La délicatesse ressortant naturellement de la sensibilité de l'être est également un principe essentiel à l'exercice de la profession d'avocat. Ainsi, l'avocat doit être constamment guidé par ce principe dans ses rapports avec ses clients, les autres professionnels du droit ou encore ses confrères. Aussi, manque au principe de délicatesse, l'avocat qui prend connaissance de messages couverts par le secret des correspondances dès lors qu'ils figuraient sur une messagerie personnelle quel qu'en soit le contenu et en les produisant devant la commission de conciliation. Tel est l'apport d'un arrêt rendu par la première chambre civile de la Cour de cassation le 17 mars 2016. En l'espèce, un avocat prenait connaissance de mails échangés entre ses deux collaboratrices via leur messagerie "gmail" alors que l'ordinateur professionnel de l'une d'entre elles était resté allumé sur sa boite de réception électronique. A la lecture des mails injurieux, l'avocat prenait la décision de mettre fin à leur contrat de collaboration libérale.
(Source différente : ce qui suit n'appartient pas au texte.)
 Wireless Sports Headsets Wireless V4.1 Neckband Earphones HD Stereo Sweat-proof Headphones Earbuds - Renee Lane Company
Celles-ci ont alors porté l'affaire devant les instances ordinales. Dès la phase de conciliation, l'avocat produisait pour les besoins de sa défense les mails consultés. L'une d'elles saisissait aussitôt la commission de déontologie à propos de la production desdits mails.
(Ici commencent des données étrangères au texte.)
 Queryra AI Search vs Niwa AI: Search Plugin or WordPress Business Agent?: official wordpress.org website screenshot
Une poursuite disciplinaire à l'initiative du Bâtonnier de l'Ordre des avocats au barreau de Paris était ouverte reprochant à l'avocat d'avoir produit des documents couverts par le secret des correspondances, et ainsi manqué aux principes essentiels de la profession d'avocat définis à l'article 1.3 du RIN (N° Lexbase : L1523KZG).
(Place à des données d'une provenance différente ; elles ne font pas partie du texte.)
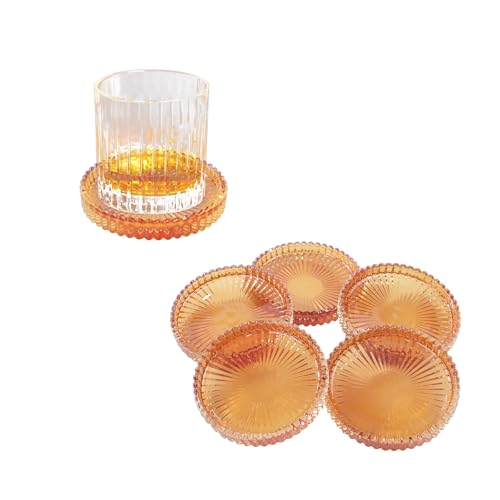 Crystal Glass Coaster 6 Pack Round Cup Drinks Coasters,Amber - color: Amber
La cour d'appel de Paris ayant, par arrêt du 22 janvier 2015 (CA Paris, Pôle 2, 1ère ch., 22 janvier 2015, n° 14 /01680 N° Lexbase : A9097M9S), déclaré l'avocat coupable d'avoir manqué au principe de délicatesse, celui-ci a formé un pourvoi en cassation.

L'avocat soulève plusieurs arguments au soutien de son pourvoi.

Il argue, d'abord, que le caractère professionnel de l'ordinateur, outil informatique mis à la disposition de la collaboratrice confère à la messagerie consultée par le biais de cet outil un caractère également professionnel. Cette messagerie consultée par l'outil informatique dans le cadre de la collaboration doit donc être analysée comme une annexe professionnelle, étant relevé par ailleurs que la collaboratrice laissant sa messagerie et l'ordinateur ouvert consentait à sa consultation par les membres du cabinet.

Par suite, l'avocat soutient que la production d'un courriel ne suppose l'accord du collaborateur ou à défaut une autorisation judiciaire que si le contenu du courriel relève de la vie privée de ce dernier. Or, il considère que les mails produits relèvent de la sphère professionnelle des collaboratrices n'étant pas davantage accompagnés de la mention "personnel".

Enfin, il retient que constitue une atteinte au principe de l'égalité des armes résultant du droit à un procès équitable garanti par l'article 6 de la Convention de sauvegarde des droits de l'Homme et des libertés fondamentales (N° Lexbase : L7558AIR) le fait d'interdire à une partie de faire la preuve d'un élément de fait essentiel au succès de ses prétentions.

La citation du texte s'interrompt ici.